Nos seus quatro anos de mandato J Sócrates foi duas vezes a Angola deixando de lado todos os outros países africanos lusófonos (prepara agora uma visita a Cabo Verde). Ambas as viagens foram efectuadas em circunstâncias consideradas reveladoras de “apertos” da economia portuguesa face aos quais o comércio e os investimentos angolanos constituíam um alívio.
J Sócrates denota um espírito de conservação de poder visto como favorável a boas relações com Angola. Dá preferência ou atenção especial a países (Venezuela incluída) que considera em vantajosas condições comerciais ou de investimento, susceptíveis de minorar dificuldades decorrentes dos problemas estruturais e conjunturais do seu país.
O PM passa por prestar pouca atenção a temas das relações com Angola que não sejam os económicos e/ou os assuntos políticos com implicações económicas ou comerciais. Os dirigentes angolanos, que também revelam propensão equivalente, apreciam J Sócrates igualmente por este aspecto da sua conduta.
3 . A consideração em que as autoridades angolanas têm o PM português, o Governo e o PS, também é “retribuição” de uma conduta político-diplomática considerada muito complacente.

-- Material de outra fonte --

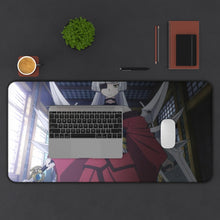 Load image into Gallery viewer, Trinity Seven Mouse Pad (Desk Mat) With Laptop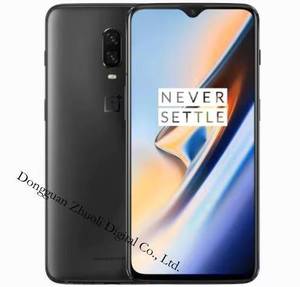 Nuovo Oneplus 6T ROM Globale, Cellulare 4G LTE con Snapdragon 845, 6.41'', NFC, 3700mAh, 20MP+16MP, Android 9.0 - Product Image 1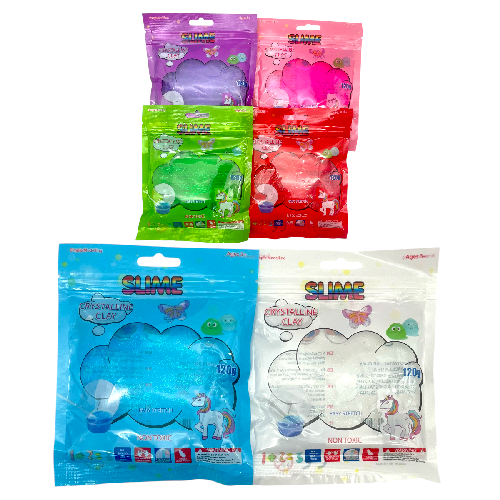 M C2211 SLIME EN BOLSA 120gr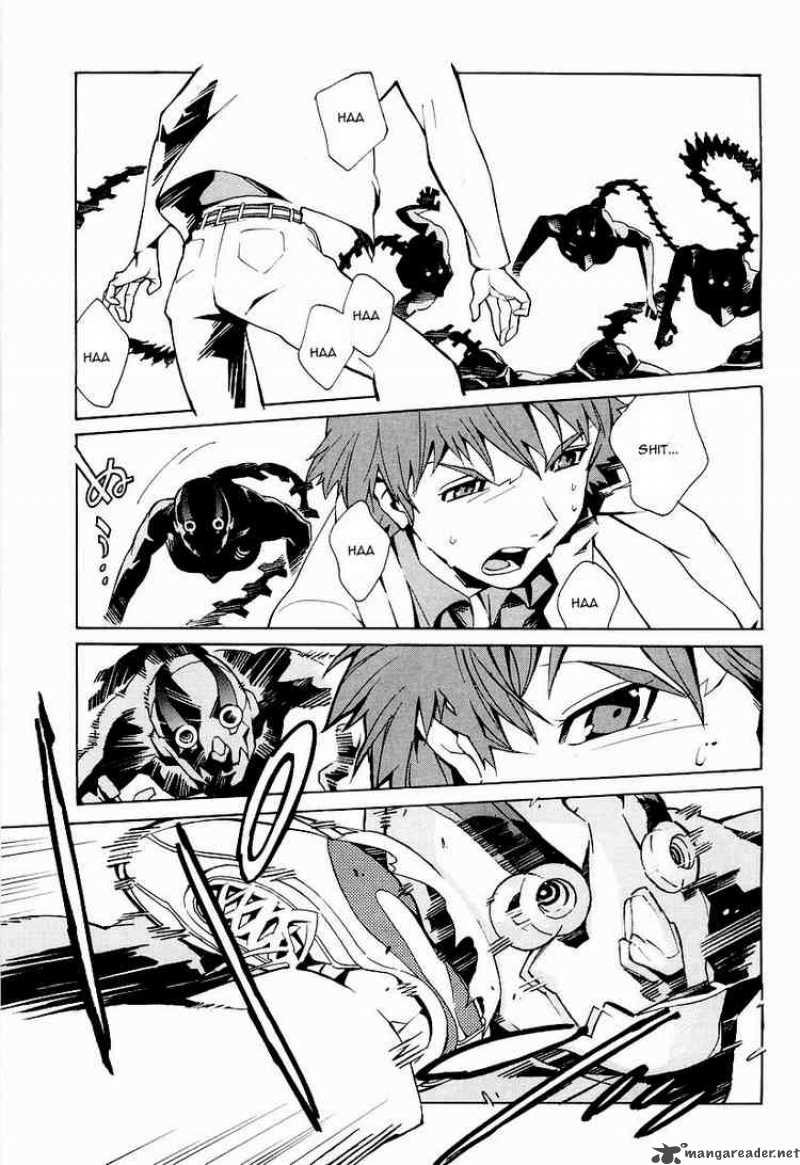 Kurogane No Linebarrel 1 36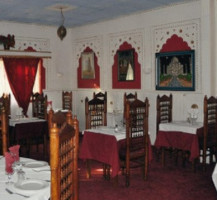 Le Palais Du Maharadjah food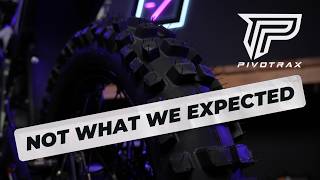 Pivotrax EXP & AP102F Tire Test | Are They Any Good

No PS actual (Relações Internacionais) parece prevalecer o entendimento de que tal complacência é um imperativo do tipo de relações existente.
Episódios como as encomiásticas declarações acerca do desenvolvimento de Angola feitas em Luanda por J Sócrates ou a celeridade de um comunicado oficial do MNE com
que o Governo considerou válidas as recentes eleições de Set.2008, muito controversas, deram azo a reacções negativas (AM 312) na sociedade angolana.
Está disseminada em meios da sociedade angolana uma ideia que associa as condutas consideradas “subservientes” de Portugal em relação ao regime do MPLA, a políticas destinadas a promover interesses económicos e empresariais portugueses – o que pode vir a revelar-se embaraçoso em termos de futuro.
As empresas portuguesas, em geral, apresentam vantagens naturais em Angola – afinidade linguística, tecnologia, processos de organização e funcionamento – mas a ideia de que a sua implantação e os seus negócios também se devem a favores do regime e estes às políticas complacentes de Portugal, pode vir a afectá-la por efeito de ónus como os seguintes:
- Tende a dar azo a “más vontades” locais alimentadas pela convicção de que a sua prosperidade é devida a “favores indevidos” (fenómeno de possível manifestação em sectores da população e entre o empresariado nacional).
- A impressão negativa causada pela ideia de que são “favorecidas”, empolada pela ideia também corrente de que muitas denotam propensão para se envolverem em negócios menos claros com a elite local, muito impopular, ofusca atributos como a sua competência e honestidade.
4 . As relações privilegiadas que o MPLA tem actualmente com o PS foram-no nos anos pós-independência com o PCP e depois com o PSD. Com nenhum destes, porém, as relações tiveram a intensidade que têm hoje com o PS – incluindo meios com o mesmo conotados – nos planos político e dos negócios.
Em meios do PSD têm sido referenciados comentários depreciativos e/ou amargos à primazia absoluta que as autoridades angolanas conferem actualmente ao PS e a individualidades a ele ligadas. Ironiza-se mesmo que o MPLA vê o PS à sua própria imagem e semelhança – como um partido que se perpetuará no poder.